Normally filled with rain, this year September is sunny and sufficatingly hot. It makes the most sun-loving person seek shade during the hotter hours of the day.
In our countryside it is worse. The lack of rain destroys seed plantings, damages animals, and breaks the slight economies of the struggling people dedicated to farming.
Our specialists attribute this phenomenon to El Niño, but all this is far from our worst problem. Social problems are arising as an accumulation of many unfortunate events.
First we say a general indignation among Cusqueños for the abuses of power by the government on the protestors of Apurimac, a department next to Cusco. The population there was protesting not only the environmental contamination due to the Las Bambas mine, but also the lack of interest on the part of the government to defend the interests of ordinary people.
They demand a more fair treatment, better opportunities for employment, and sustainable development for their region. In exchange they received forceful repression from the governmental forces that is more inclined to defend the interests of large private businesses, such as the mining companies, than those of the common person.
We have seen similar actions from the government in the nearby Department of Arequipa.

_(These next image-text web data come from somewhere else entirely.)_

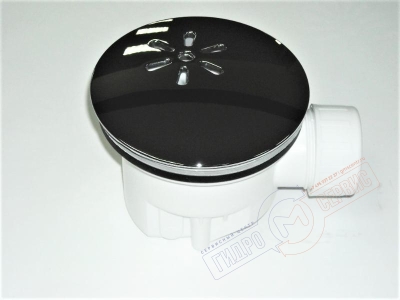 Сифон D=90mm Хром для поддона душевой кабины, Viega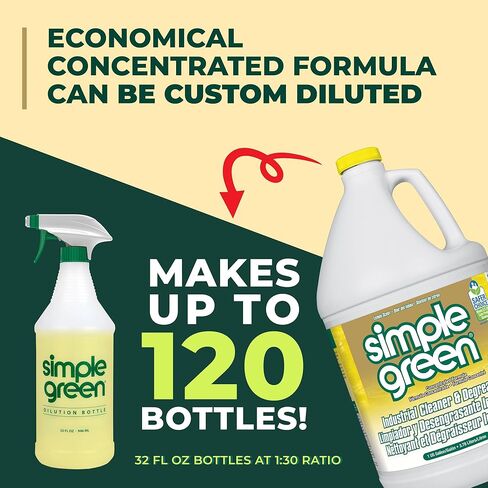 Simple Green Industrial Cleaner and Degreaser Lemon Scent, 1 Gal (Pack of 4) in Saudi Arabia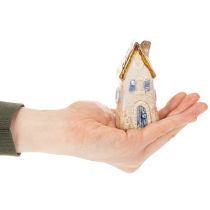 Artikel Keramik Miniaturhäuser 10 cm im Set, handbemalt, rustikale Dekoration für Innenräume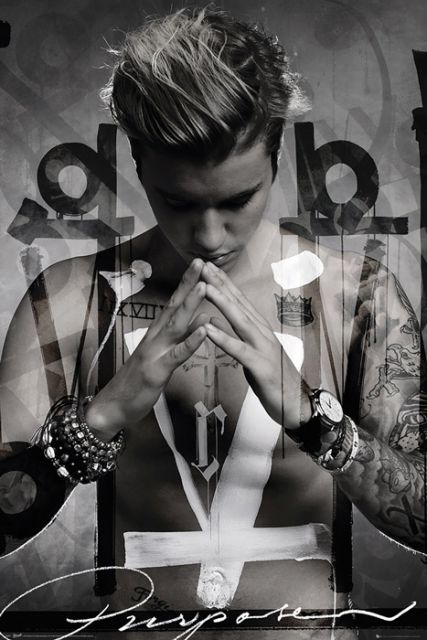 Justin Bieber (Purpose) - plakat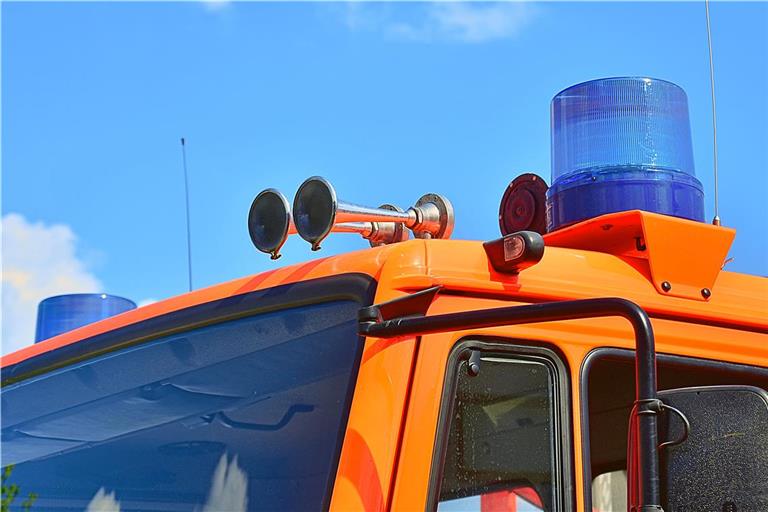 Die Feuerwehr Backnang war vor Ort. Symbolbild: Tobias Sellmaier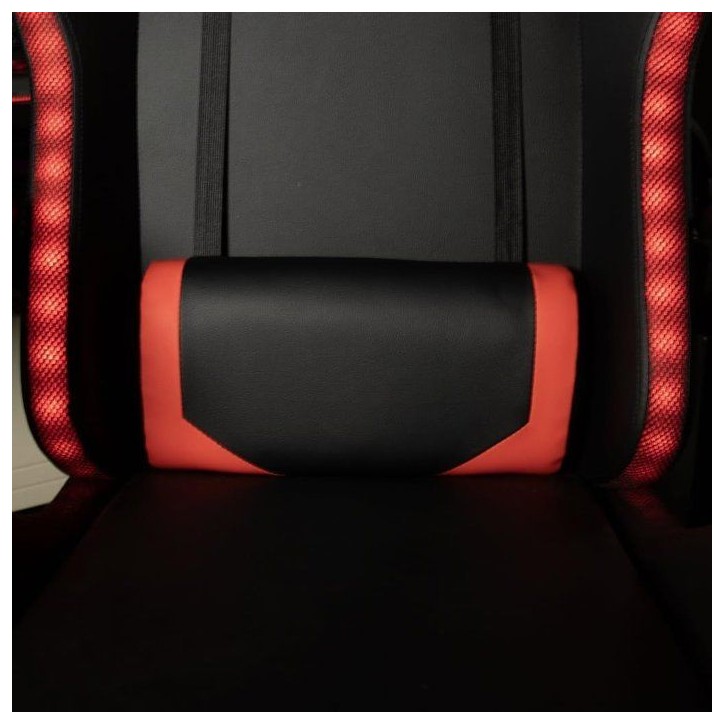 Chaise de bureau gaming - KONIX - Phantom - Éclairage RVB - Inclinaison 135° - Synthétique - Coussin lombaires et cervicaux - Chaise de bureau gaming - KONIX - Phantom - Éclairage RVB - Inclinaison 135° - Synthétique - Coussin lombaires et cervicaux -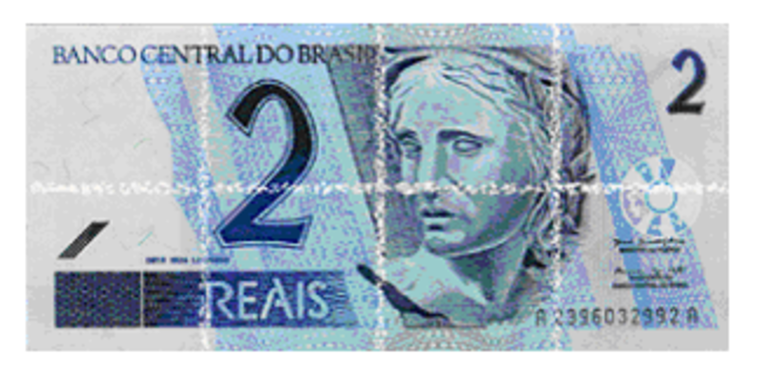 Cédula marcada por dobras 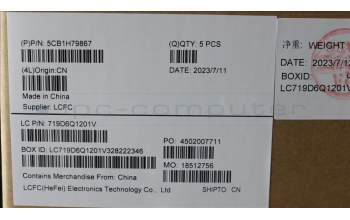 Lenovo 5CB1H79867 COVER Upper Case ASM_TC L82RE SG RGB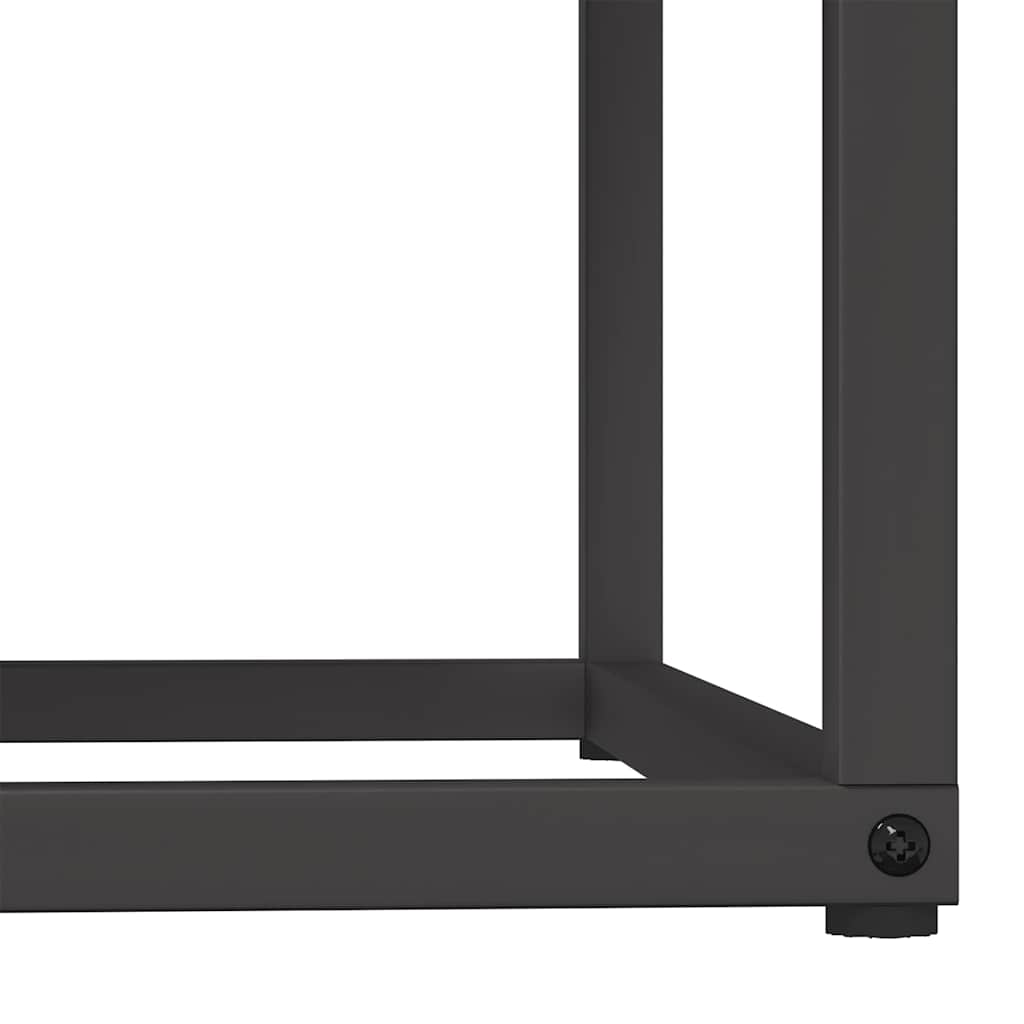 Stalak za drva crni 69,5x35x81 cm hladno valjani čelik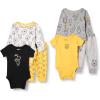imageAmazon Essentials Disney  Marvel  Star Wars Unisex Babies 6Piece Outfit Set Pack of 6Winnie the Pooh Oh Bother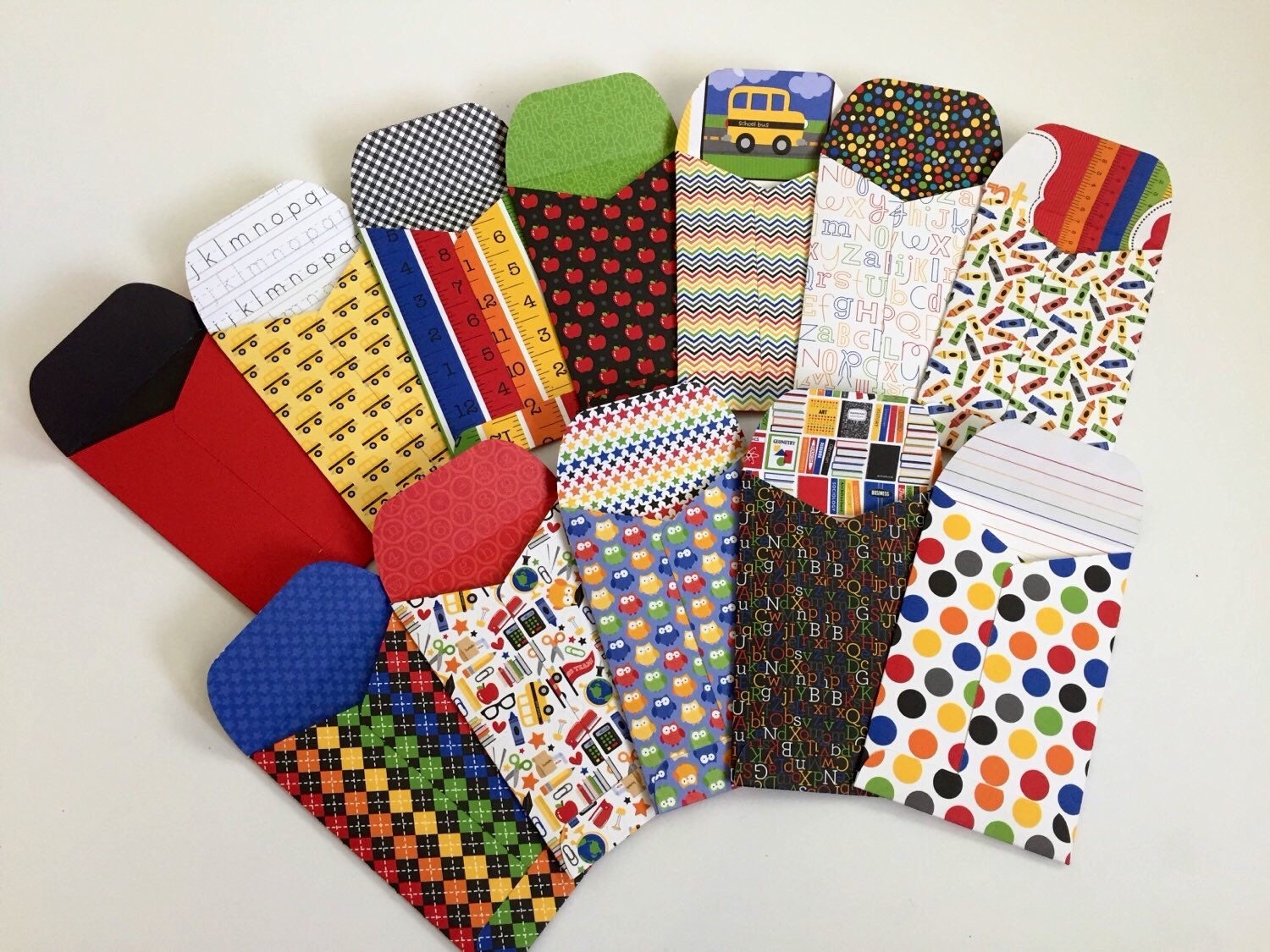 Teacher Gift Card Holders, Teacher Gift Card Envelopes , Mini Envelopes, Pocket Letter Envelope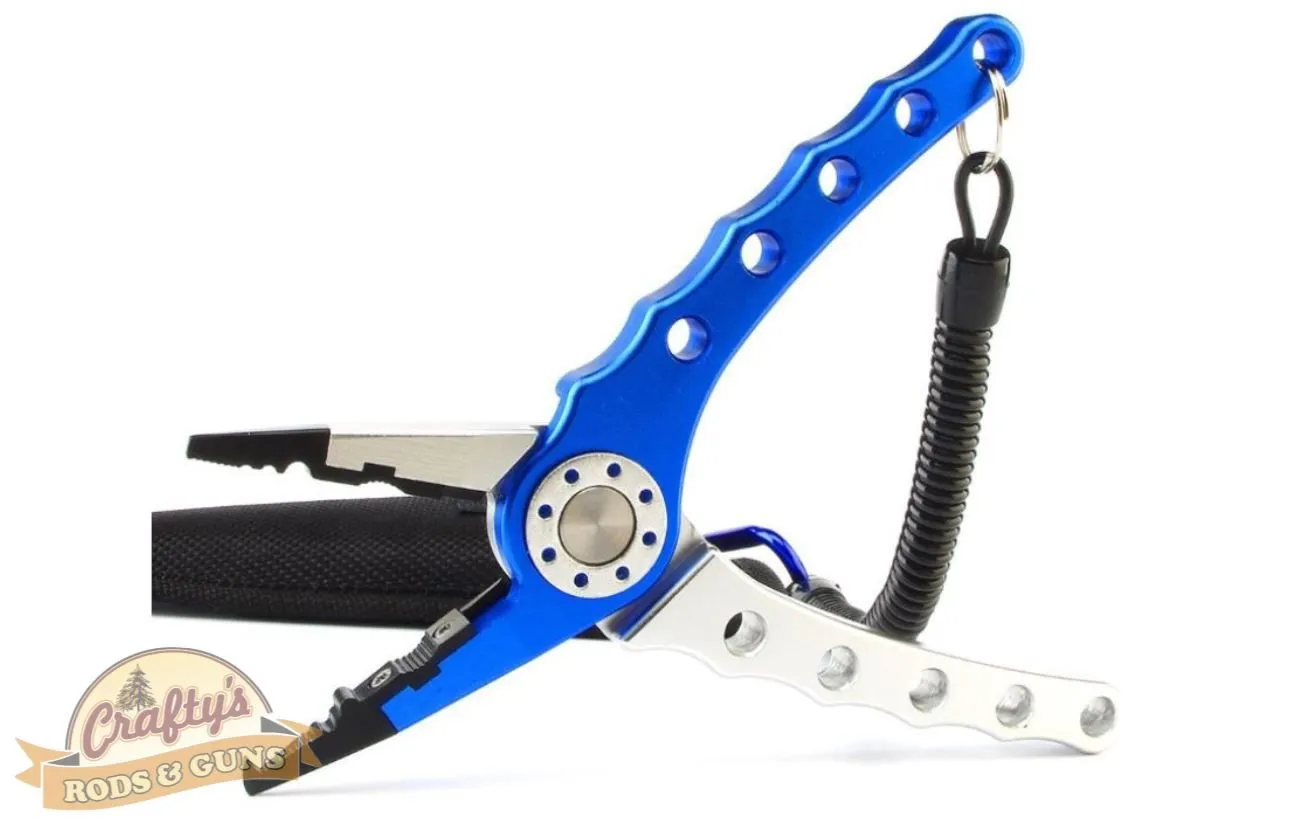 Aluminum Deluxe Fishing Split Rings Multi-Purpose Pliers By MaxCatch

Because of its proximity to Cusco, it is considered a sister state.
People in Arequipa protested against the Tia Maria mining project. The protests there have been developing since the first of the year. Besides establishing an unproductive dialogue, the government seems to only use force against the population to repress the protests.
In both cases we have seen loss of life. In the case of Apurimac, three people from rural communities were killed in the protests.
A straw seems to have broken the camel’s back for the people of Cusco. It pushed them from their complacency. The straw was the passage of Legislative Decree number 1198 that gives the state the right to give as concessions portions of our national monumental heritage, the sites left by our ancestors.
This all made the ears of our town stand up. People began asking what is the government doing. The people’s spirits were already high but Cusco lives from tourism. Every year we receive around 2,500,000 tourists and they provide the principle economic activity for our city and region. They were surprised the government would make a degree that seemed unbelievable by the majority of the population.
As a result the various civil organizations of our city gathered—workers, merchants, unions, professional schools, students, teachers, rural organizations, among others—took the first step of entering the streets of our city to protest against the government’s actions in the mines and in its thought to privative management of our crucial tourist sites.
The measure brought together many people who shared indignation at the government’s actions. The bitterness was widespread.
The news that our fellows in Apurimac had died made the protests even stronger as did the general disinterest on the part of the government for the opinions and feelings of civil society.
People are prepared to continue with measures of struggle and have announced a likely a regional paralyzation of social and economic activity in order to get the attention and demand the retraction of the aforementioned legislative decree.